Terungkap! Motif Pria Tendang Pacar hingga Terkapar di Cibangkong Bandung Gegara Utang

Headline, Jawa Barat99 Dilihat

SindoJabar.Com – Sebuah rekaman video amatir berisi kejadian seorang pria menendang pacarnya hingga terkapar viral di media sosial (medsos). Pemicu tindakan kekerasan itu terjadi terungkap, yaitu, gegera utang.

Belakangan diketahui, peristiwa kekerasan itu terjadi di Kelurahan Cibangkong, Kecamatan Batununggal, Kota Bandung. Informasi menyebutkan, si pria berutang puluhan juta kepada pacarnya.

Sedangkan video yang viral diunggah oleh akun Instagram @thepaparock. Terungkap juga identitas pria dalam video itu, Norman dan korban bernama Jesica Sintya.

Dalam video terlihat, Jesica mengenakan sweater dan celana panjang putih mendatangi kediaman Norman di Cibangkong. Saat tiba, Jesica langsung mendapat tendangan kung fu dari Norman.

Tendangan Norman sangat keras dan tepat bersarang di perut Jesica. Perempuan malang itu pun terkapar. Setelah itu, korban kembali beberapa akli di pukul dan dicaci maki oleh Norman.

Setelah video tersebut viral, Jesica muncul memberikan penjelasan melalui Instagram pribadi. Dalam unggahannya di medsos, Jesica sengaja datang dari Pekanbaru, Riau ke rumah Norman di Cibangkong, Bandung pada 14 Februari 2026 itu untuk menagih utang.

“Namun ketika saya sampai di sana, bukannya mendapatkan itikad baik untuk menyelesaikan masalah. Saya justru di usir dan mengalami kekerasan fisik,” tulis Jesica dikutip dari akun Instagram pribadi, Kamis (26/2/2026).

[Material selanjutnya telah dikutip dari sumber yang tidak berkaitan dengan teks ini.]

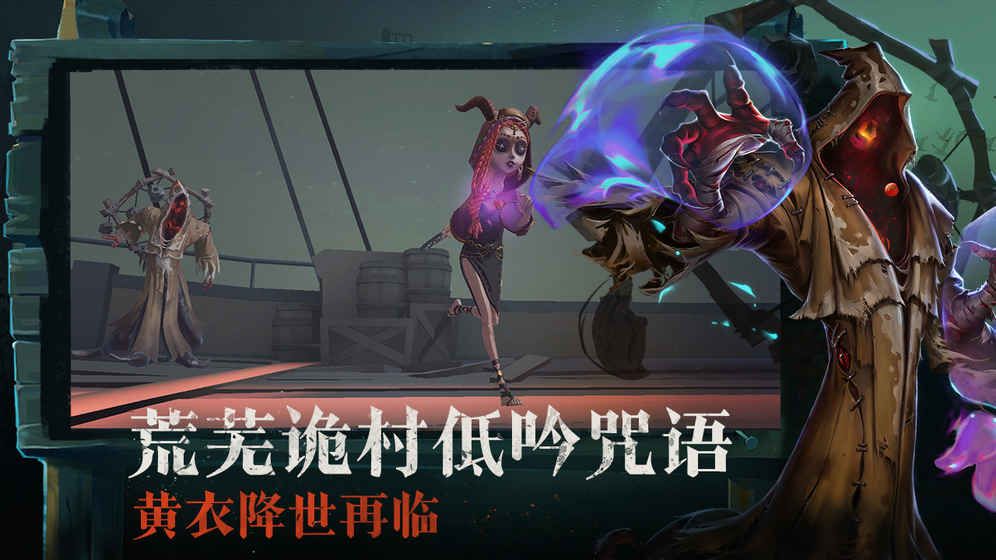 第五人格七夕情人节版本更新下载正式版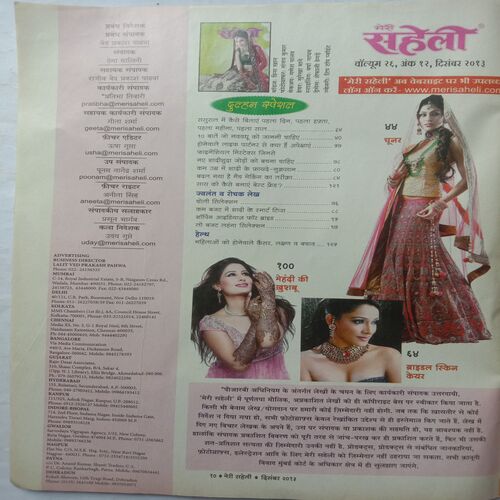 Meri Saheli (December 2013)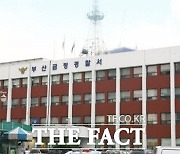 전직 자동문 설치업자 40대, 식당 출입문 몰래 열고 수백만원 털어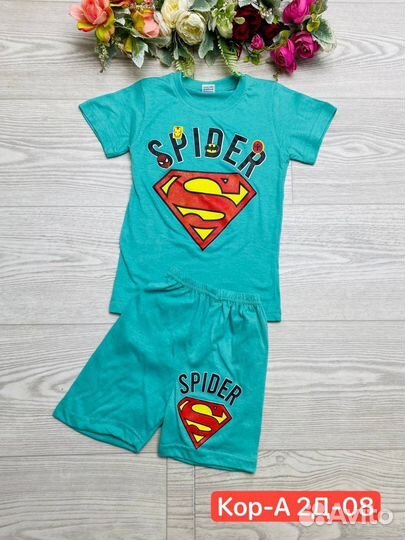 Костюм для мальчика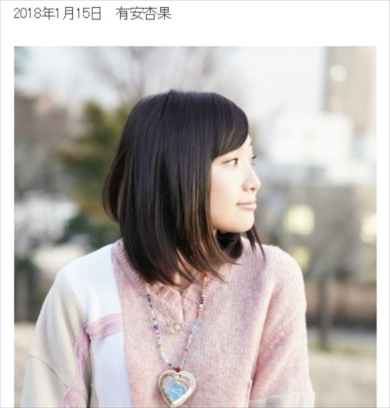 有安杏果 卒業 ももいろクローバーZ ももクロ 今後 ソロ活動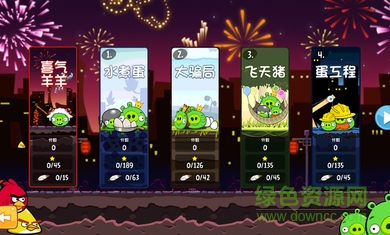 愤怒的小鸟游戏单机版apk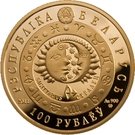 100 Roubles (Sagittarius)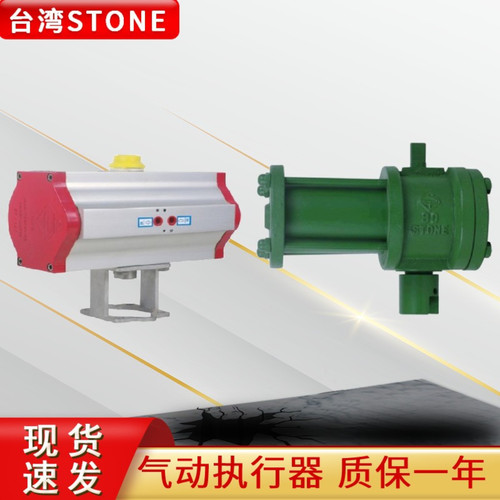 双作用气动执行器台湾STONE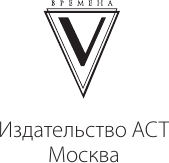 Изображение товара Книга АСТ Открывая СССР, твердая обложка (Громов Алекс)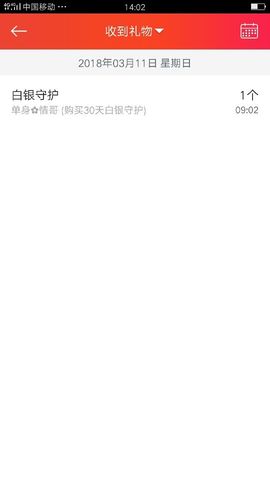 小妖❤出山主播照片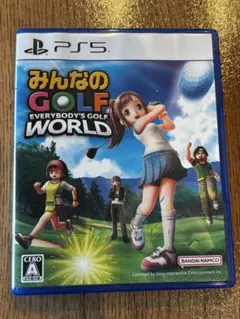 みんなのGOLF WORLD PS5 ソフト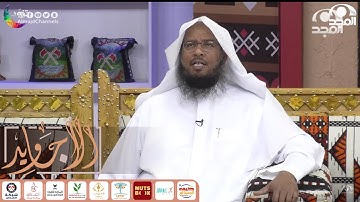 تلاوة خاشعة لآيات من سورة البقرة ~ القارئ: عبدالحميد النويشر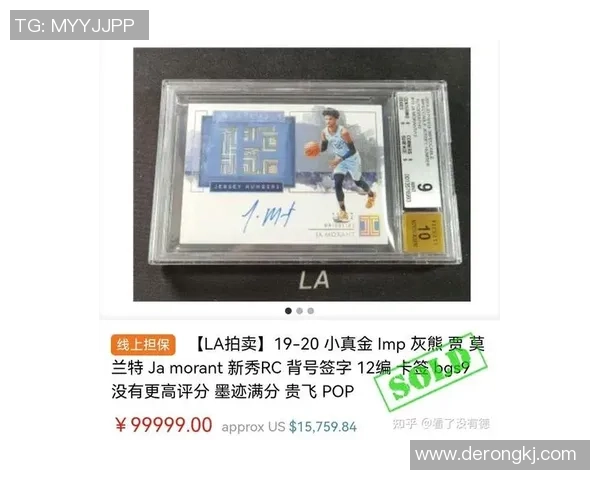 95元帕尼尼足球球星卡限量版,收藏价值与球迷必备珍品推荐 95元帕尼尼足球球星卡限量版,收藏价值与球迷必备珍品推荐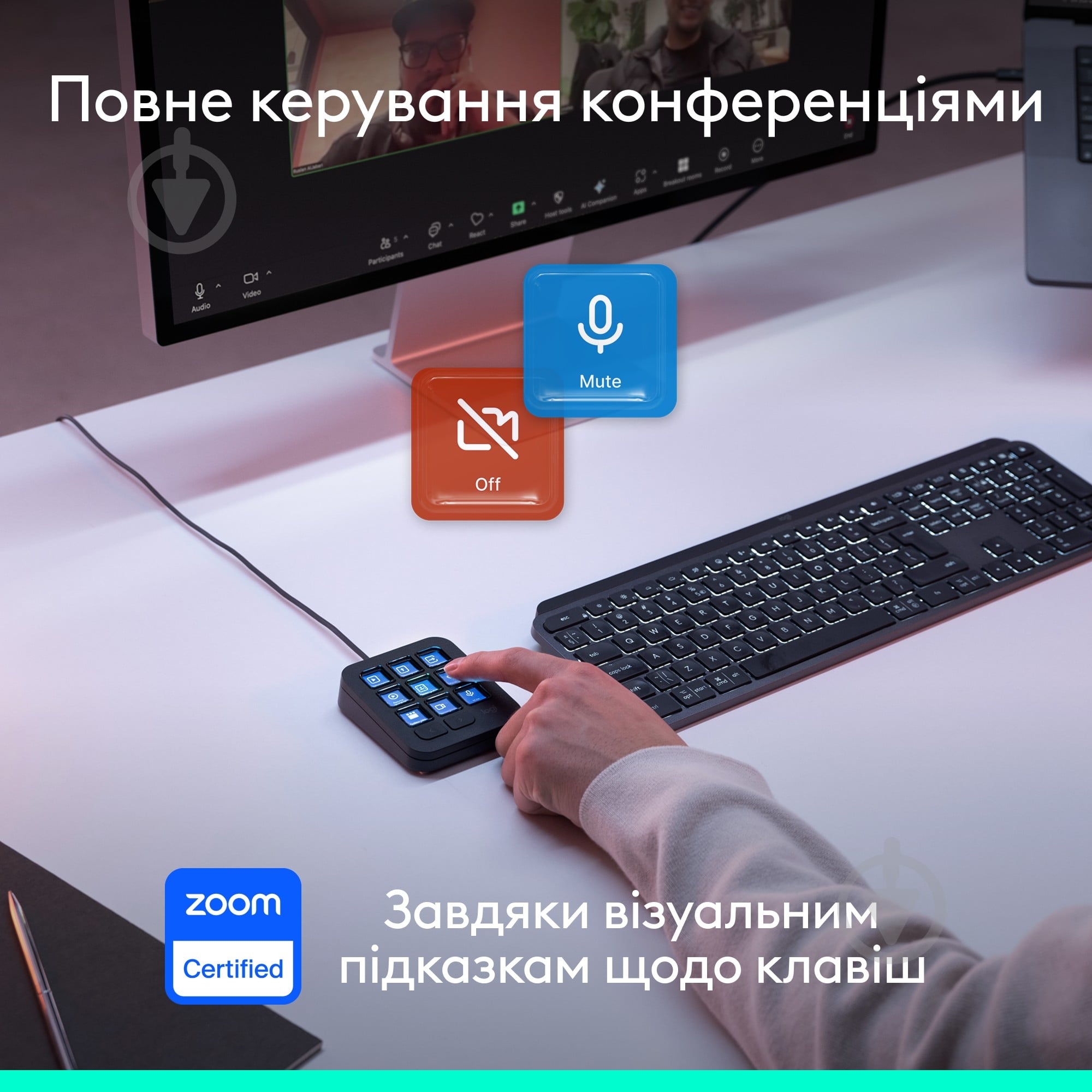 Ігрова консоль Logitech MX Keypad USB Pale Grey (L920-013892) - фото 6 Ігрова консоль Logitech MX Keypad USB Pale Grey (L920-013892) - фото 6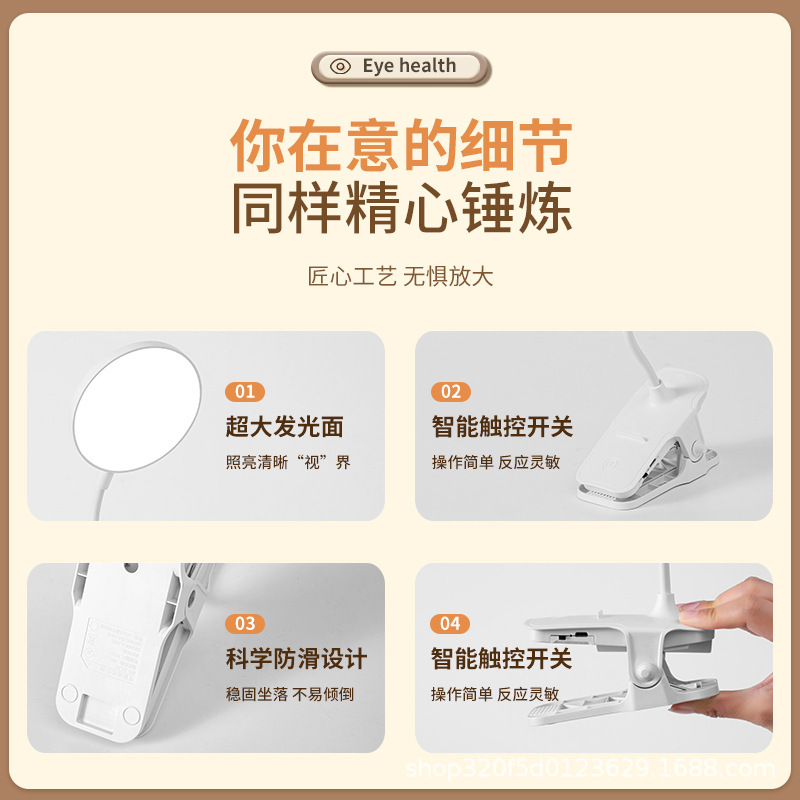 夹子式led小台灯宿舍灯大学生护眼灯学习专用充电卧室床头阅读灯|undefined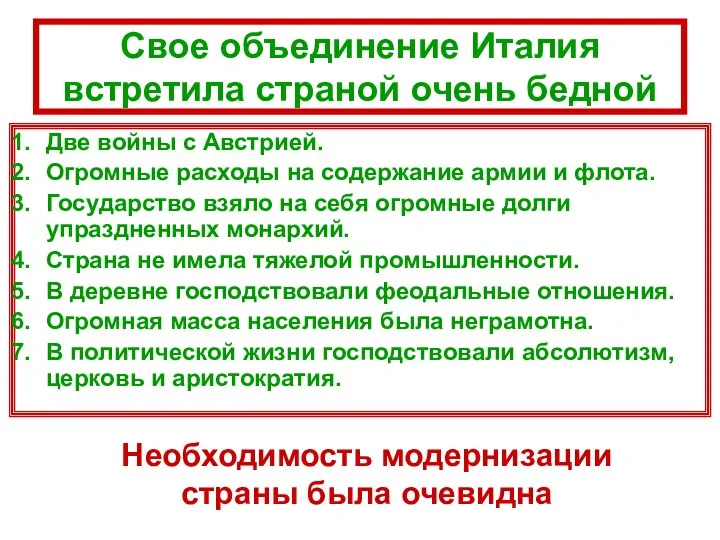 Свое объединение Италия встретила страной очень бедной Две войны с Австрией.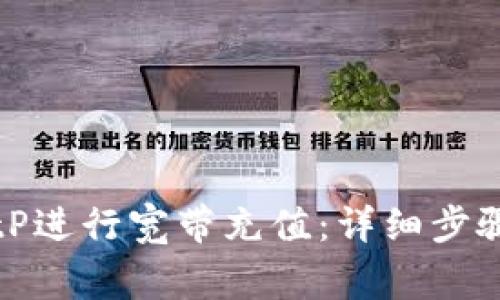 如何使用BitP进行宽带充值：详细步骤与注意事项
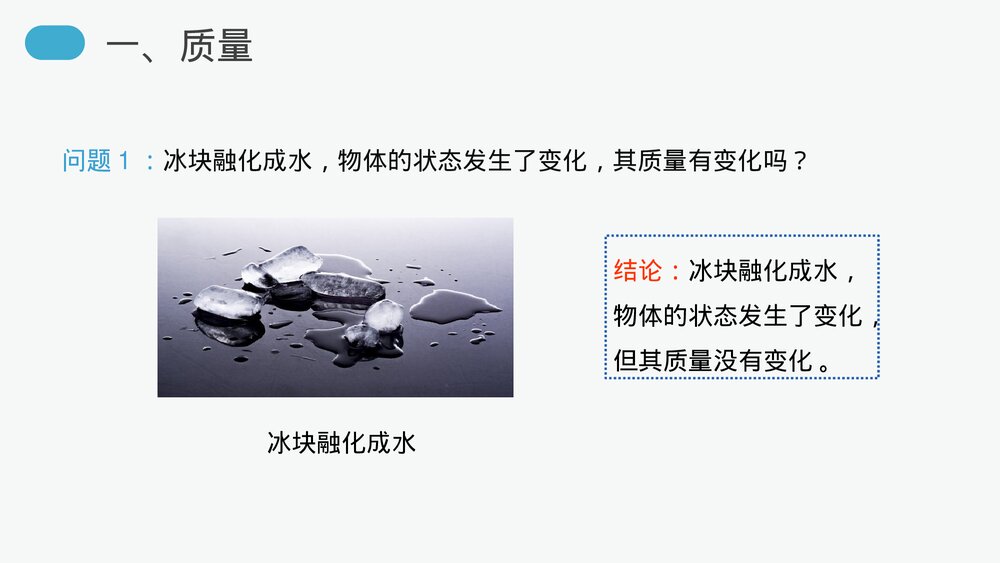 人教版八年级物理上册《质量》教学PPT课件8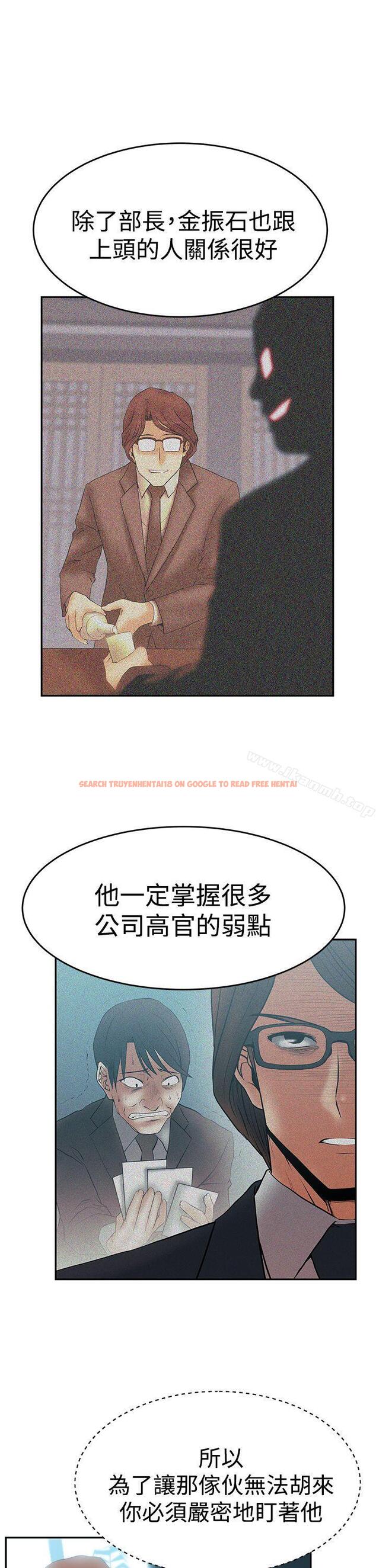 查看漫画MY OFFICE LADYS - 第3季-第2話 - tymanga.com中的92076图片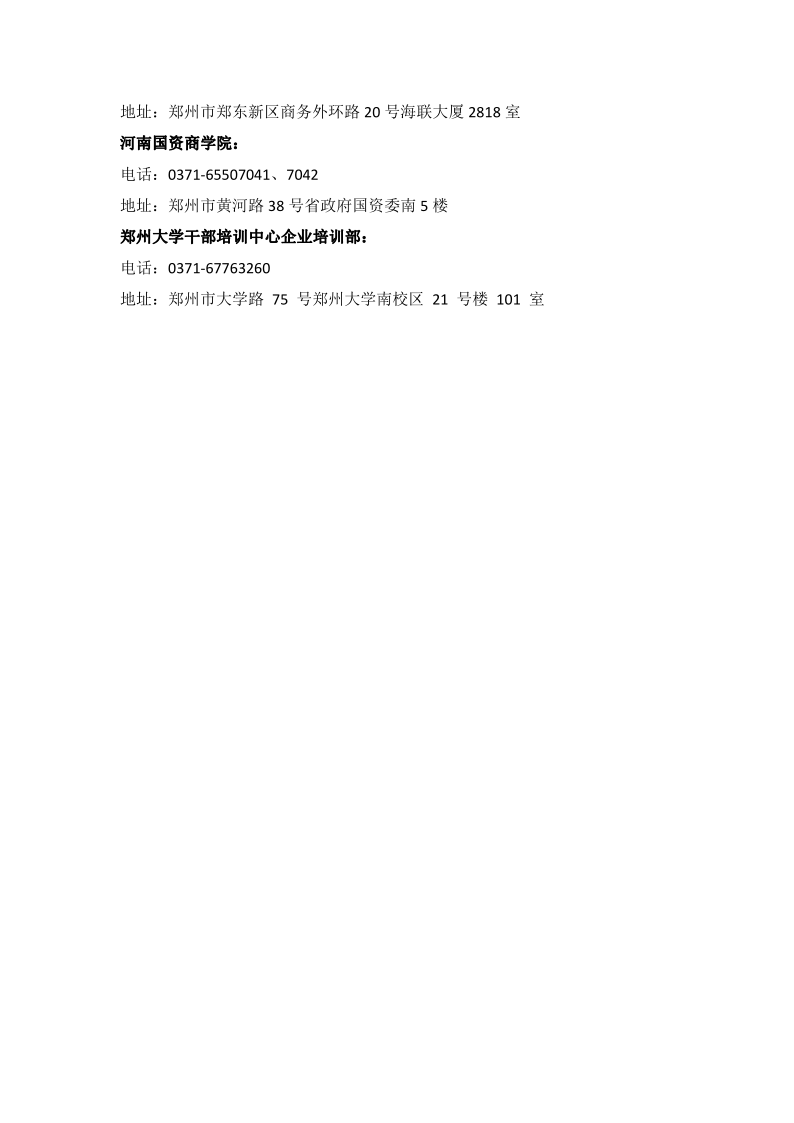 豫企〔2021〕8號(hào)(企業(yè)）(1)_12.png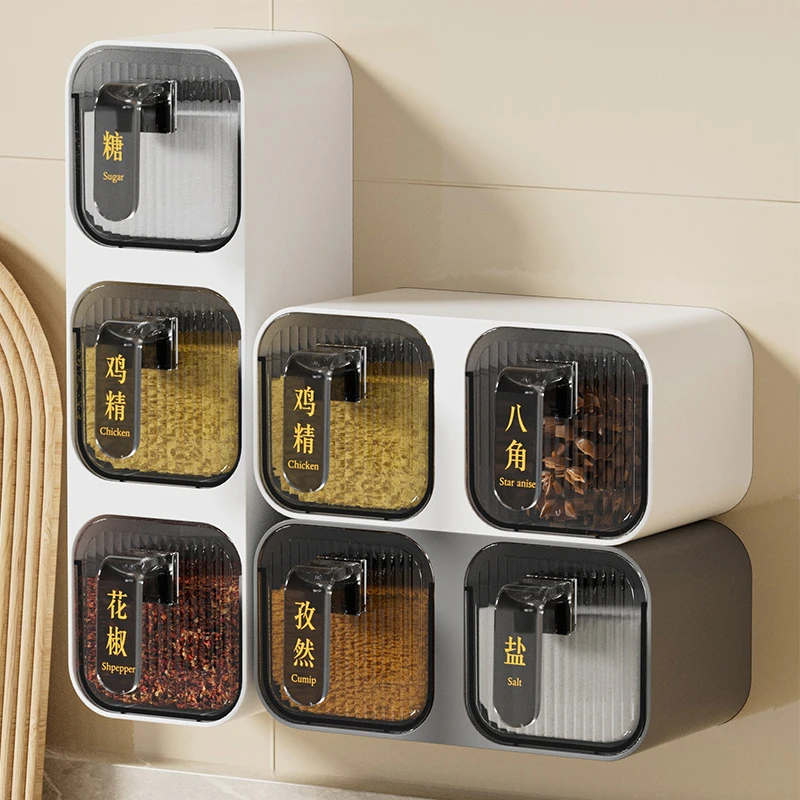 调料盒壁挂式厨房调味盒家用抽屉式调味罐盐味精调味瓶调料收纳盒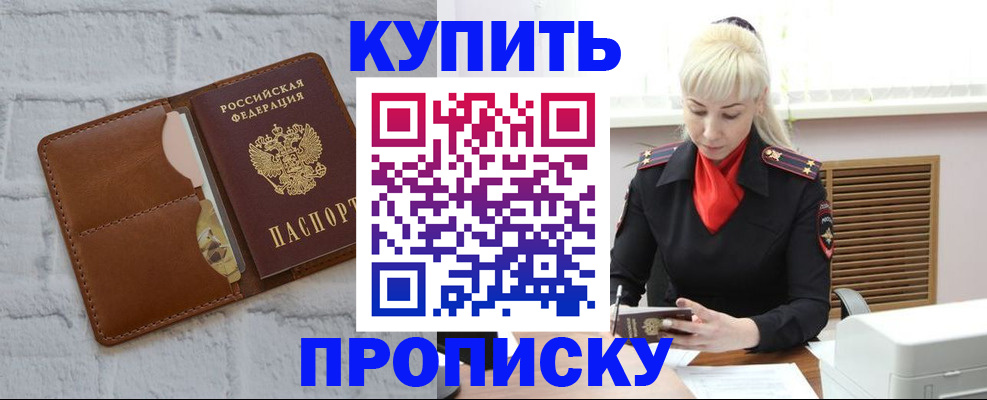 найти адрес прописки в Ростове-на-Дону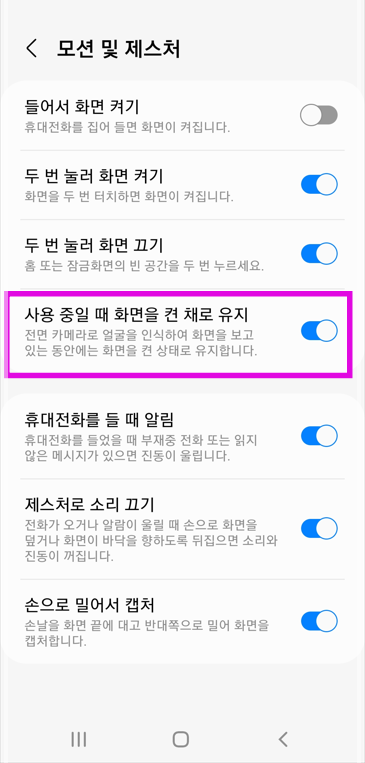 사용 중 화면 킨 상태 유지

Jesica mengaku, sekitar tiga tahun di perlakukan kasar dan mendapat tindak kekerasan oleh Norman.

“Kejadian ini menjadi titik di mana saya sadar bahwa saya tidak bisa terus diam,” ujarnya.

Mediasi Utang Piutang

Jesica menuturkan, sengaja datang ke kediaman Norman, murni untuk menagih utang. Dia hanya mempertahankan hak dan memperjuangkan yang seharusnya menjadi tanggung jawab Norman.

“Tidak ada satu pun orang yang pantas di perlakukan dengan kekerasan. Apalagi saat sedang memperjuangkan haknya sendiri,” tutur Jesica.

Sementara itu, Kapolsek Batununggal, Iptu Ahmad Rifai mengatakan, benar peristiwa tindak kekerasan yang di lakukan pria terhadap pacarnya terjadi di Cibangkong, Kecamatan Batununggal.

“Korban telah membuat laporan kepolisian terkait persoalan utang,” kata Kapolsek.

Iptu Ahmad Rifai menyatakan, pada Sabtu 21 Februari 2026, pelapor Jesica dan terlapor Norman bertemu untuk melakukan mediasi. Hasil mediasi, kedua belah pihak telah membuat kesepakatan.

“Pihak perempuan meminta utang Rp35 juta di bayar dan kompensasi Rp15 juta. Itu sudah di bayar,” kata ,” ujar Iptu Ahmad Rifai.

Kapolsek menuturkan, kasus di nyatakan selesai karena laporan korban Jesica yang masuk ke kepolisian terkait utang-piutang, bukan penganiayaan.

Namun, korban Jesica menegaskan proses hukum tindak kekerasan tetap berjalan.